I have some bigger ideas though. So the overkill framework sets up for those future ideas.
I’ll use Twitters bootstrap to make the UI easier and optimized better for most things.
Haven’t decided on DB, Web server, language, but considering MariaDB with Apache and python. Might go C sharp with IIS.
Yeah the problem with doing that is each dragon has their own seperate files for levels and such so I imagine creating a seperate table for each dragon would be a bit excessive. I’m trying to think of the best way of getting that data into a database that makes the most sense. Unfortunately since the stats differ per dragon/tier sometimes it’s hard to just sort them and it’s impractical to go through every file and check what’s the same and what’s not.
Personally I’ll probably be setting it up using a NodeJS backend, with a Mongo Database and a ngnix server, utilizing something like MaterialUI React for a view or something.
I feel like this is something we could probably work on together if you’re interested @Eidolon , as I’d like to extend the functionality beyond what Sandberg and Ameoba did as well. Would probably be more efficient than working on things seperately
Yeah I’d just dump them all into a dragon details table… similarly a buildingdetails table
I’d have a separate table for keeping track of imports and use the key value there to stamp all new dragon details. Create a maintenance job to archive or purge and/or rollup old data.
It’s pretty easy, both Python and C sharp can import csv easily into objects you could create rows from. Would need to do a little work to catch row changes.
You could read directly from flatfiles but it likely would be a lot slower (with a decent load) and less powerful with searching, and you would want to basically pre-create your own layout.

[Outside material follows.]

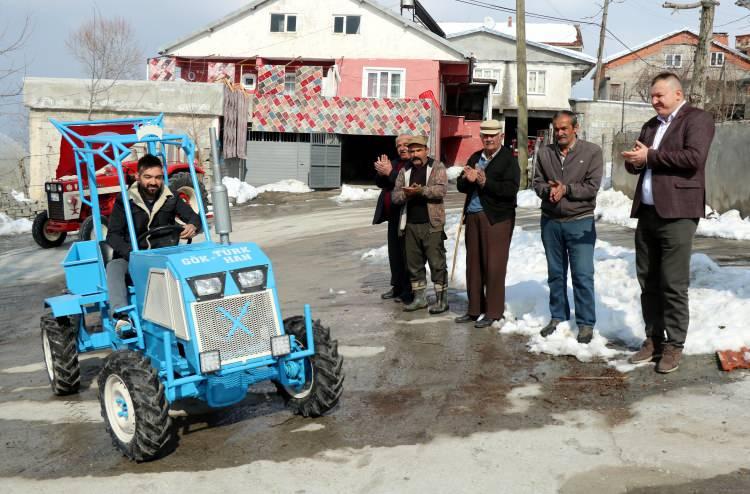 <p>Zonguldak'ın Gökçebey ilçesinde 11 yıllık maden işçisi ortaokul mezunu Gökhan Eroğlu (33), atık malzemelerden ürettiği 2,5 ton yük taşıma kapasiteli tarım aracının ardından şimdi de tekne motorunu revize ederek 5 ton yük taşıyabilen 3 şanzımanlı, toplam 30 ileri 15 geri vitesli dört çekişli traktör yaptı. </p>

Creating the join statements will be the hardest part.
Using NOSQL because it’s what you know or do you have a design choice driving that?
Nothing wrong with nodeJS. I have bittersweet experiences. Not really familiar with your UI.
Absolutely. I’m not with tons of available time but this kind of project is fun for me. I definitely have a lot of ideas. I actually might enjoy more of a brainstorming/engineering talk than implementation due to limited time and already having ideas I wished sandberg and amoeba had done
I am using Angular to diectly parse the data into Arrays which can simply be handled, this brings the benefit that for every normal game update the only thing I need to do is to upload the csv files into the /asset folder, which makes it easy to maintain.
I will push my code to GitHub, once I have implemented all the basic stuff, as currently to have a fast solution some of the code needs to be refactored anyhow.
I am wondering if combined forces aren’t more effective and efficient to get the best results.
Basically it’s what I’m familiar with and it also allowed me to embed the level data into each dragon itself as I spent a bit of time yesterday parsing the data and formatting it into some nicer JSON files that I could manipulate.
Implementation is the easier parts of doing everything, coming up with the ideas the more difficult part. It’d be great if we could have some sort of chat going on about ideas, engineering and such. Do you have line, or what would be your preferred source of communication
I thought about that but I was concerned about potential performance issues so I just spent about two days writing code to parse the csvs into json to insert into a database.
Would probably be the best thing for the community imo
Hmm, you know what they say about coding projects… With twice the people you can build the code in twice the time!
Anyway, I’m faffing around a bit with the files too. I don’t think it’s bad a lot of people are working on this but it’s good to exchange info on where stuff is located.